Step 2: each flake gets a ticket. No “we’ll investigate later.” A ticket is created automatically with the test name, commit SHA, and link to the artifacts. The ticket is assigned to whoever owns the test.

Step 3: the test is quarantined. The test is moved to a separate “quarantine” suite that runs on every PR but doesn’t block the merge. This prevents the flake from blocking unrelated work while the owner investigates.

Step 4: investigation, with a deadline. The ticket has a 14-day SLA. If it’s not resolved in 14 days, the test gets deleted. Not skipped — deleted. The code coverage drop shows up on the dashboard. This is the forcing function.

Step 5: post-mortem lite. When the flake is fixed, the owner posts a one-paragraph “what it was” to the team channel. No formal doc. Just a habit of sharing.

What “fix” usually looks like

Over 6 months, we fixed about 40 flakes. Breakdown:

~40% were legitimate race conditions in the code. The test exposed them; fixing the code fixed the test.
~30% were test-setup races — the test didn’t wait for something it should have. Usually an await or sleep or a proper wait-for-condition. These reveal an opportunity to generalize a wait_for_stable_state helper.
~15% were environmental — shared state between tests, reliance on network resources, timezone assumptions. These often led to bigger refactors of the test fixtures.
~10% were actually bad tests that needed to be rewritten.
~5% were declared “can’t repro, can’t justify engineering time” and deleted.
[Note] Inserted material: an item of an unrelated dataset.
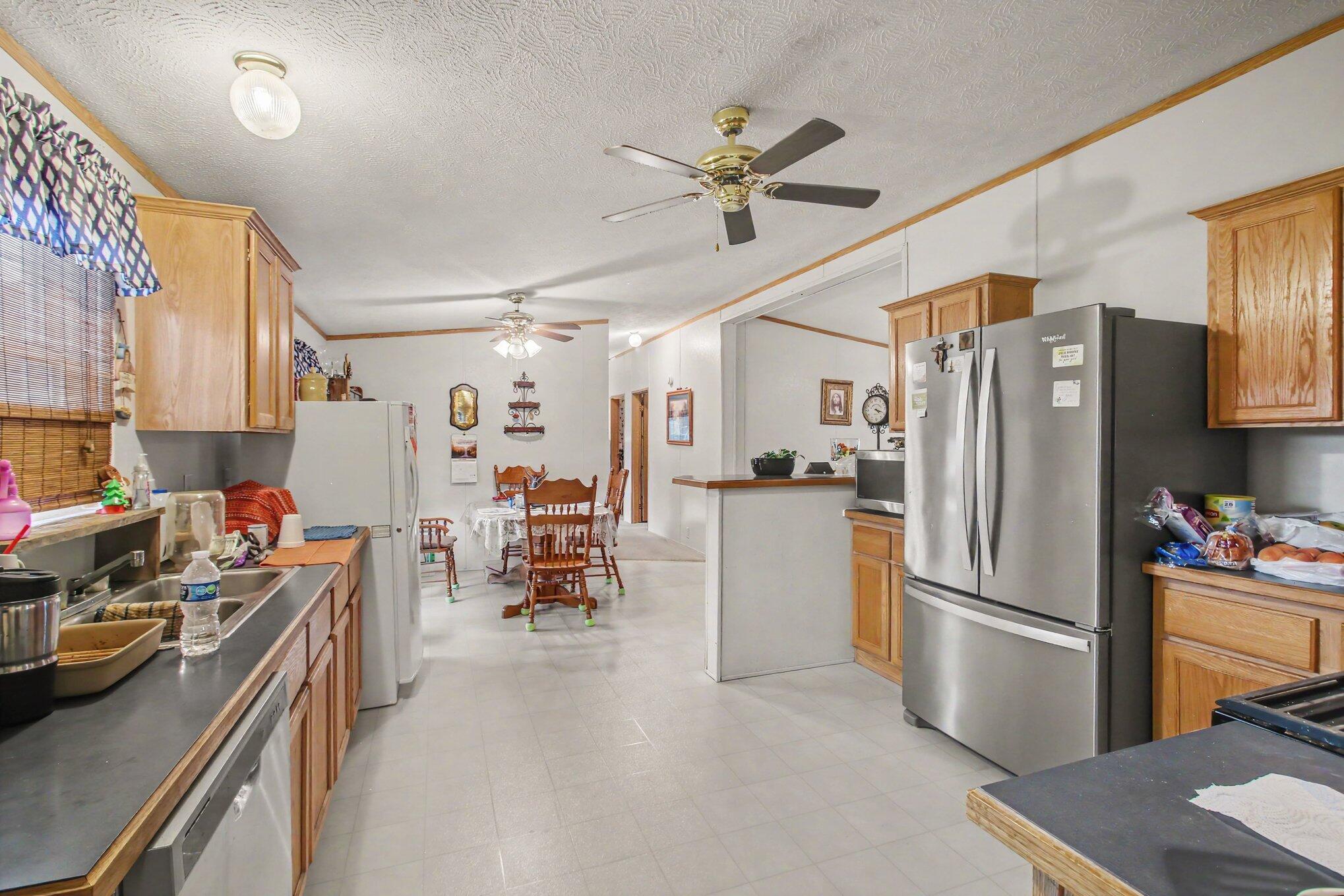 5264 Amy Drive Property Photo 11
That last category is important. Some flakes genuinely aren’t worth the investment to fix, and the right call is to delete the test. The workflow has to allow for this without guilt, or the SLA becomes a source of shame-driven ugly fixes.

What we stopped doing

Auto-retry as a general policy. We still retry once for real infrastructure failures (DNS, network blips, etc.) but not for test failures. A test failure is a test failure.

Shared mutable state in fixtures. A lot of our flakes were “test A left DB row X, test B assumed X didn’t exist.” We moved aggressively to fixtures that create their own state with randomized IDs.

@pytest.fixture
def user(db):
    u = User.objects.create(email=f"test-{uuid4()}@example.com")
    yield u
    u.delete()

Tests that sleep. time.sleep(0.5) is never the right answer. Either poll with a timeout or use an event. We wrote a codemod to find and flag all time.sleep calls in tests.

The metrics that matter

On a dashboard:

Flake rate (percentage of builds with at least one quarantined-test failure).
Time-to-resolution for flake tickets (median and p95).
Number of tests in quarantine at any given time.
Deletions per month.

The target is flake rate near zero, resolution time under 5 days, quarantine count under 3.

Reflection

The thing that surprised me most was that most flakes were real bugs. The framing of “flakes are noise” had been hiding actual concurrency problems in our code. After fixing the first dozen, we noticed production incidents for related issues also dropped. The tests had been trying to tell us something for years.

If you’re tolerating flakes because “we’ll fix them someday,” try the 14-day SLA. The forcing function of “fix it or delete it” is clarifying in a way that endless backlog triage is not.